A FanDuel executive told ESPN the company wanted to “use this as a learning experience for our new customers about how sports betting works.”
What’s next?
In the last 12 months, Delaware, New Jersey, West Virginia, Mississippi, Rhode Island and Pennsylvania have passed legislation and joined Nevada with regulated sportsbooks, and New Mexico allowed three Indian casinos to open sportsbooks under their state compacts. This month, governors in Montana and Indiana signed sports betting legislation, joining Oregon, Washington D.C., and Arkansas in approving the activity, and Iowa’s sports betting legislation is currently sitting on Governor Kim Reynolds’ desk.
“Looking back, we were a bit too optimistic about the ability of states to get sports betting bills across the finish line,” Grove said.
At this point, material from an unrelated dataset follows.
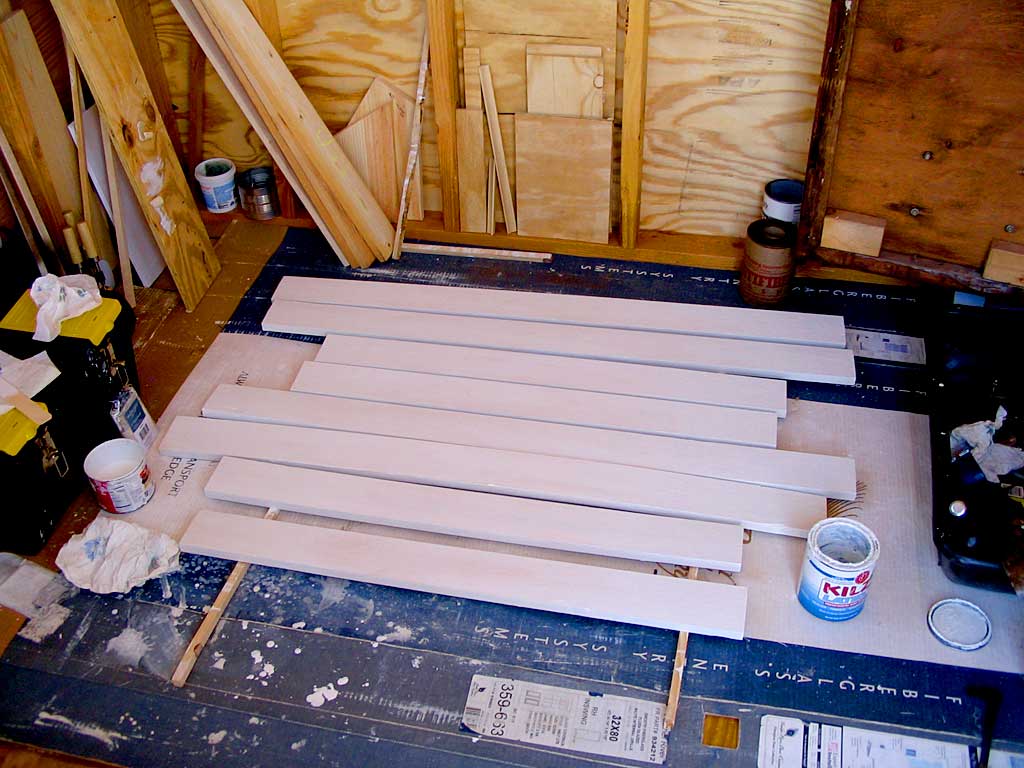 Priming the trim for the north and front windows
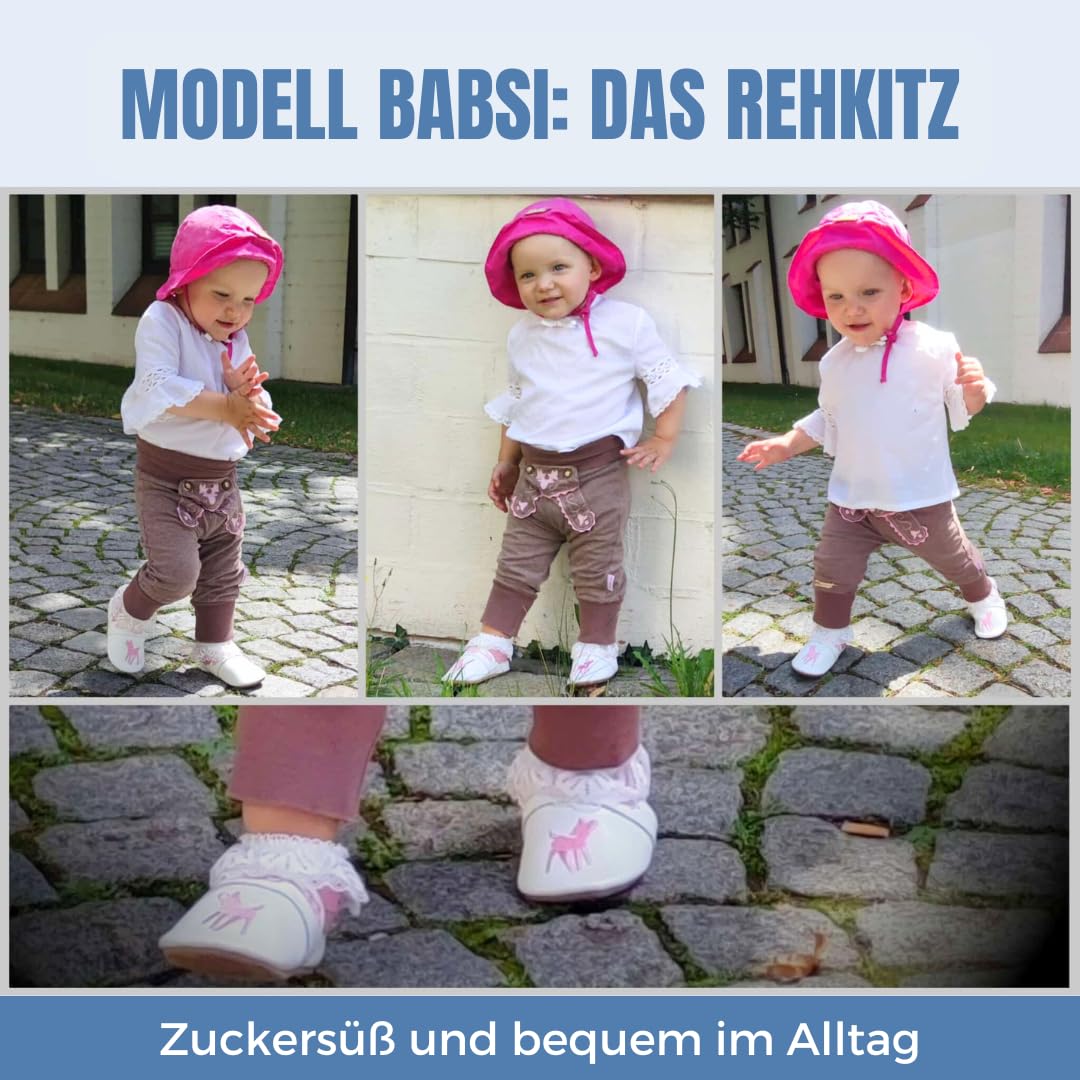 Baby Krabbelschuhe aus weichem Leder, Trachten Lederpuschen für Mädchen und Jungen passend zu Dirndl und Lederhose, Zwillingsset, 0–24 Monate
Legal Sports Report is tracking more than 35 states that have multiple pieces of outstanding sports wagering legislation. Some states, such as Maryland, will let voters decide on sports betting referendums in the 2020 election cycle.
With many annual legislative sessions approaching the deadline, the time to pass new laws is rapidly running out.
In March, the Associated Press reported that external and internal battles would likely keep California, Florida and Texas, the nation’s three most populous states, from legalizing sports betting, at least in the near term.
Slane said she expects to see a few more states “dip their toes in the water” of sports betting, but said it wasn’t surprising that “the first tranche” of sports betting states were those comfortable with gaming.
She said she also wouldn’t be surprised to see states “tweak” some of their initial legislation in the next year, such as changing licensing fees or tax structures or adding mobile sports betting options.
As for tribal gaming states, Slane said it might be at least three years before some of those markets open sports betting facilities.
“There is a whole other layer of complexity when it comes to reopening compacts and the risk analysis calculation,” she said.
Jacob Mejia, vice president of public and external affairs for California’s Pechanga Indian Tribe, said in April it was “important that tribes get in front of this issue” in order to “coalesce” around sports betting policy.